An important motivation behind the current wetland debate is that many historically drained wetlands emit carbon dioxide, as draining led to oxygenation of the soil and decomposition of its organic matter. Fields with high organic content have sunk as a result of these decomposition processes and, in some cases, may have become useless. However, in the agricultural landscape, the main reason for increasing the number of wetlands has been to slow down water movements, to reduce the risk of flooding downstream and to avoid nutrient leaching. To achieve these objectives, new wetlands have been created while straightened water courses have been restored, or remeandered, to a more natural form. 

Home of red-listed species

Wetlands are important habitats for many species, not only those living in aquatic environments but also many terrestrial species, including birds, bats, spiders and insects, which utilise the wide range of resources often found in and around these environments. This importance is emphasised by the large number of wetland-associated species found in the IUCN Red List of Threatened Species. Finally, a wetland can provide great recreational value, both in urban and rural areas. For example, interviews with landowners show a great interest in creating shallow ponds for ice skating for themselves or their children. Ponds in towns and cities are also popular destinations for visitors and provide cooling on hot summer days.

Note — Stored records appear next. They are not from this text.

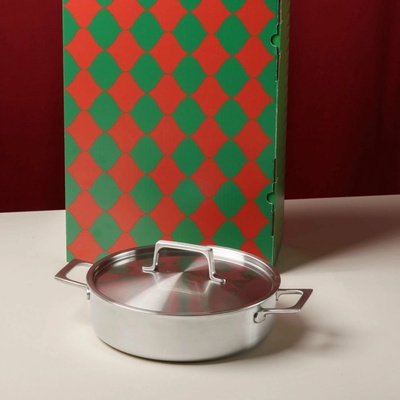 Servírovací tegame pánev Lucca 4.0 Pro, ø 28 cm (4 l), dárkové balení - Nerezová beznýtová pánev z vícevrstvé nerezové oceli s poklicí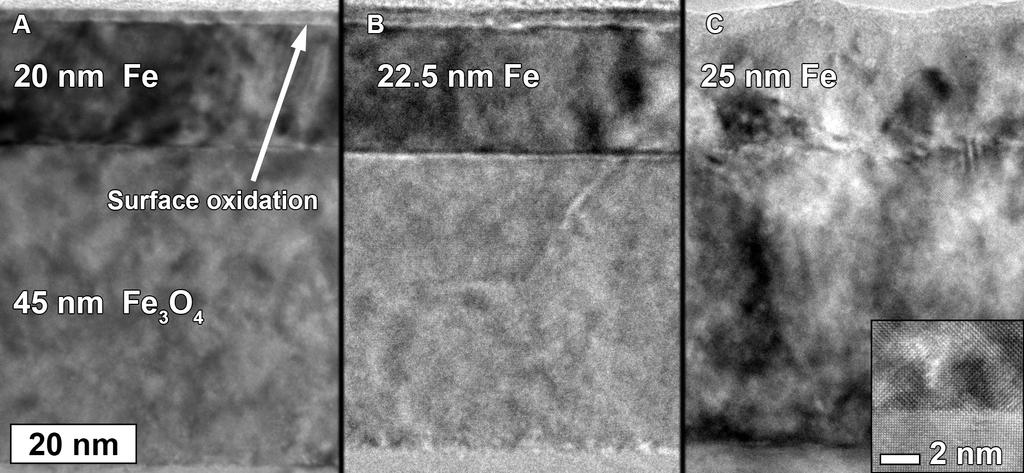 50 contains many more defects, showing arrays of dislocations, Figure 31. There also exists a ~2.5 nm surface oxide on the top Fe layer. This layer is presumed to be Fe2O3 based on XRD measurements.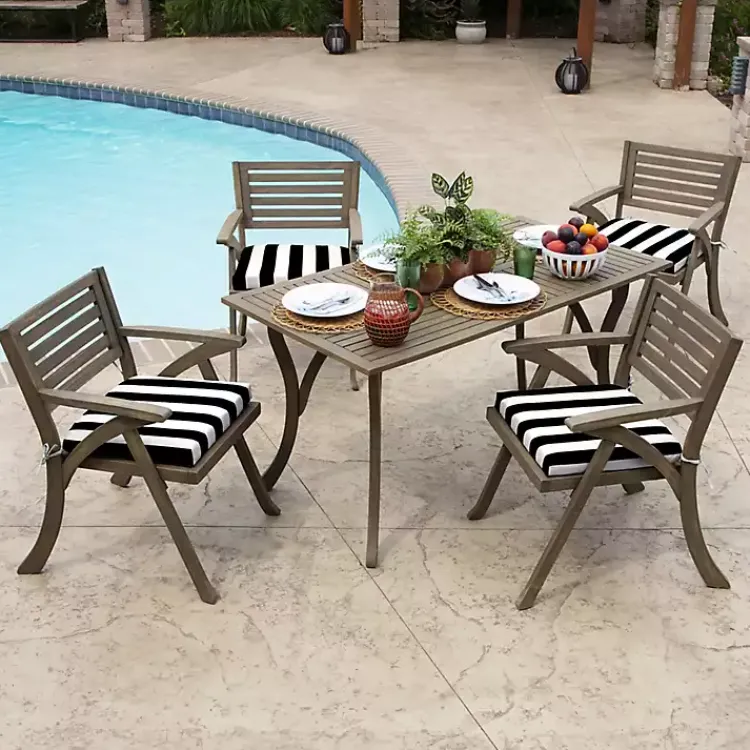 Kirklands Home Outdoor Cushions & Pillows|Cabana Stripe Outdoor Seat Cushion Black
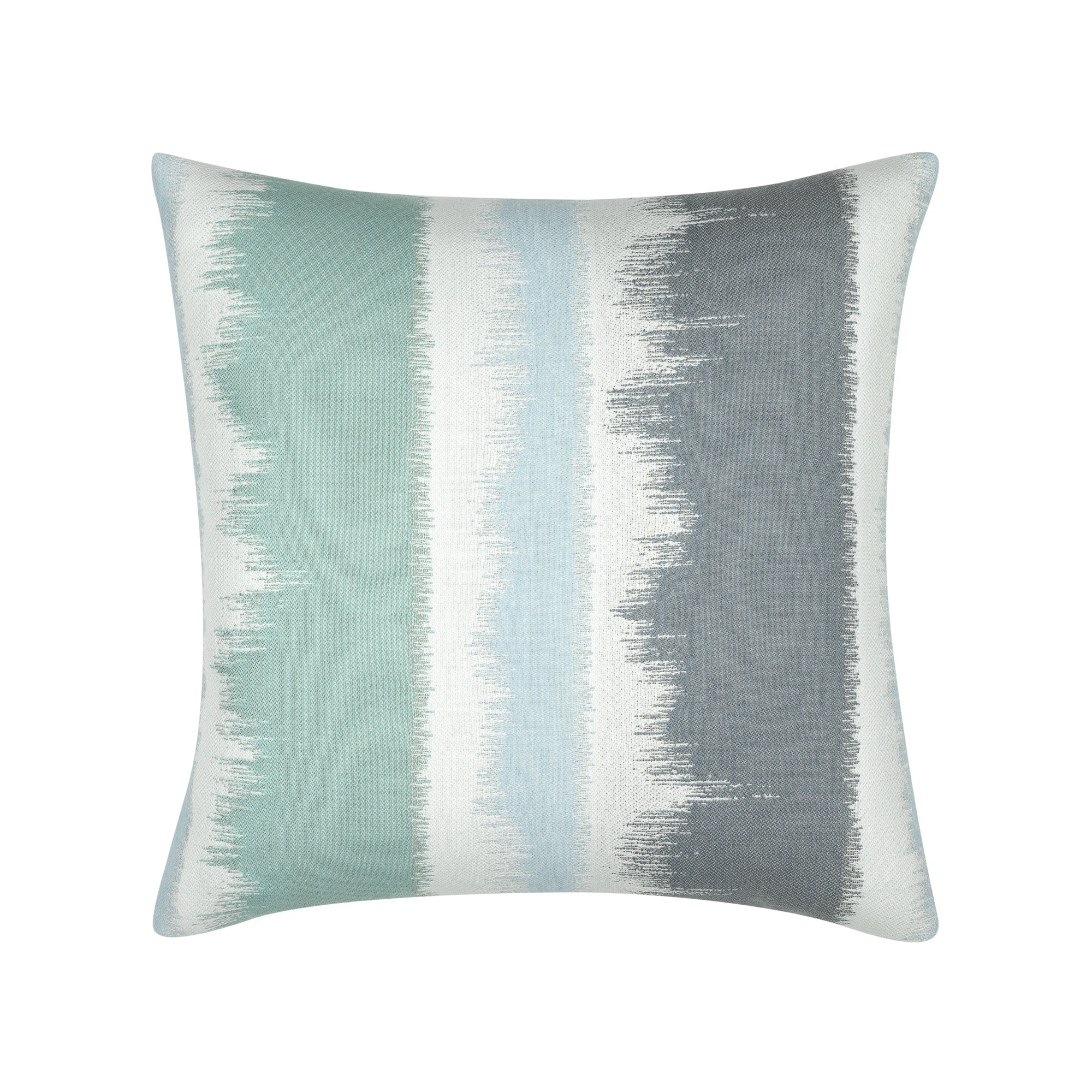 Back image of Surf green and blue ombre outdoor pillow square size for stylish indoor and outdoor decor by Elaine Smith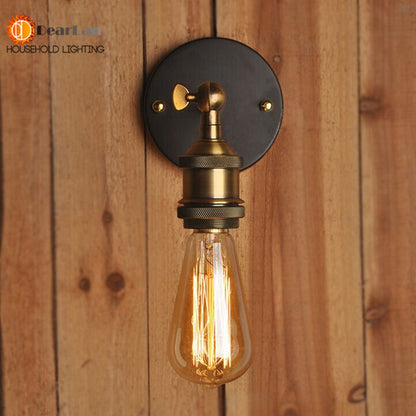 Vintage Iron American Single Head Wall Lamp Loft Study Foyer Dining Room Retro Bedside Wall Lights Free Shipping(BD-67)
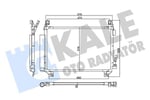 KLİMA RADYATÖRÜ TOYOTA YARIS 1.0 10=> 1.3 11=> KUR UTUCU İLE BRAZING AL/AL 490×318X16 AL/AL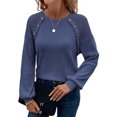 thumbnail image 1 of Eytino Womens Fall Long Sleeve Tunic Tops Casual Crew Neck Dressy Shirt Lace Patchwork Blouses Pullover Sweaters, 1 of 4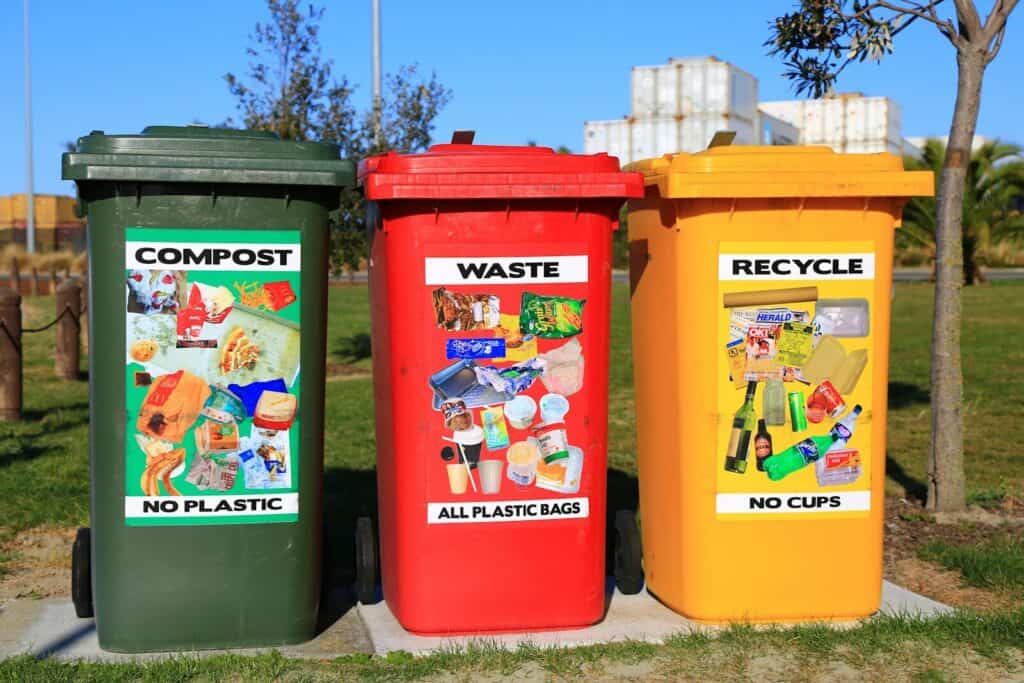 Contenedores de reciclaje de colores en la calle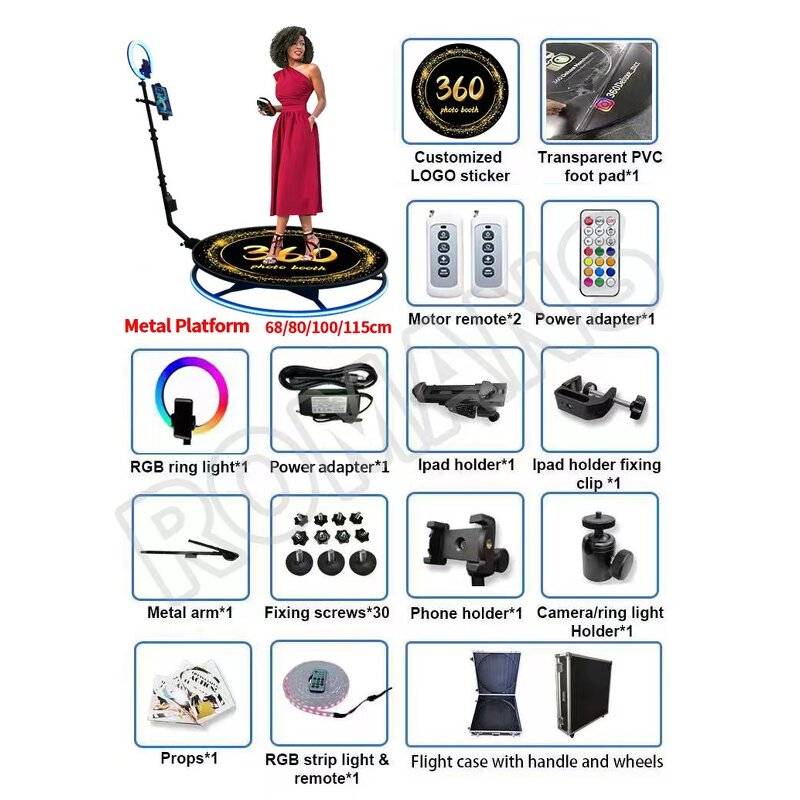 360 Video Photobooth Supplier - Portable Design Automatic Rotating Selfie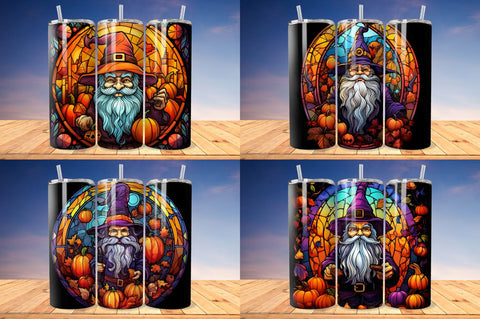 Stained Glass Halloween Vampire Gnome Tumbler Bundle Sublimation Regulrcrative 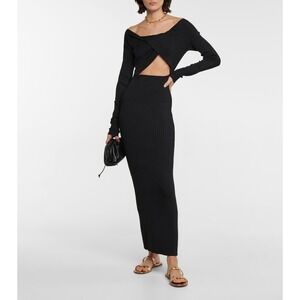SIR. The Label Kelvin Black Ribbed Twist Cutout Maxi Dress Long Sleeve US Size 2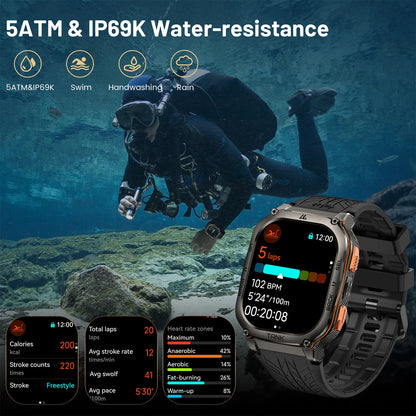 KOSPET TANK M3 Ultra GPS Smart Watch For Men Compass Altimeter Barometric 480mAh Military Digital AMOLED Bluetooth Call Watches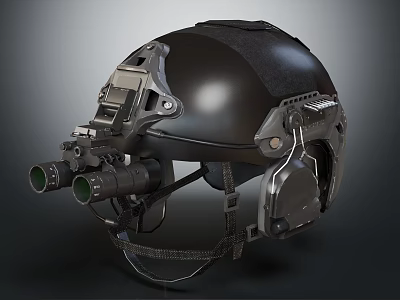 Black Military Tactical Helmet With Mounted Night Vision Goggles And Adjustable Straps 3d model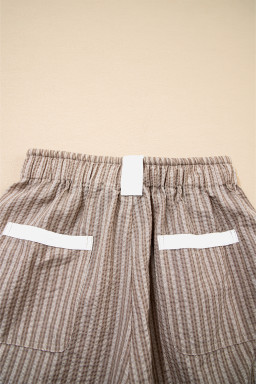 Brown Striped Pocket Knot Detail Lantern Pants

These benefits have stimulated public investment, by both past and present governments, to create and restore wetland habitats. The issue is also being explored as part of the EU’s objective to restore degraded nature to counter climate impacts and reduce threats to biodiversity. Given the multiple benefits, it is easy to expect one type of wetland to achieve multiple objectives, but this is rarely the case. Factors that favour one benefit may reduce or completely counteract the value of another.

Historical perspective needed when rewetting

In the Middle Ages, wetlands were important fodder grounds for livestock, but as the human population increased in the 18th and 19th centuries, more arable land was needed for agricultural production. This led to the draining of large amounts of wetlands - up to 90 per cent in some areas. An unwanted effect was faster water movements through the landscape, causing increased nutrient runoff, resulting in eutrophication of lakes and coastal areas. In addition, biodiversity was lost, areas became more vulnerable to flooding and carbon emissions increased. Recovering these functions requires knowing what type of wetland is needed, and how to re-wet the landscape properly. 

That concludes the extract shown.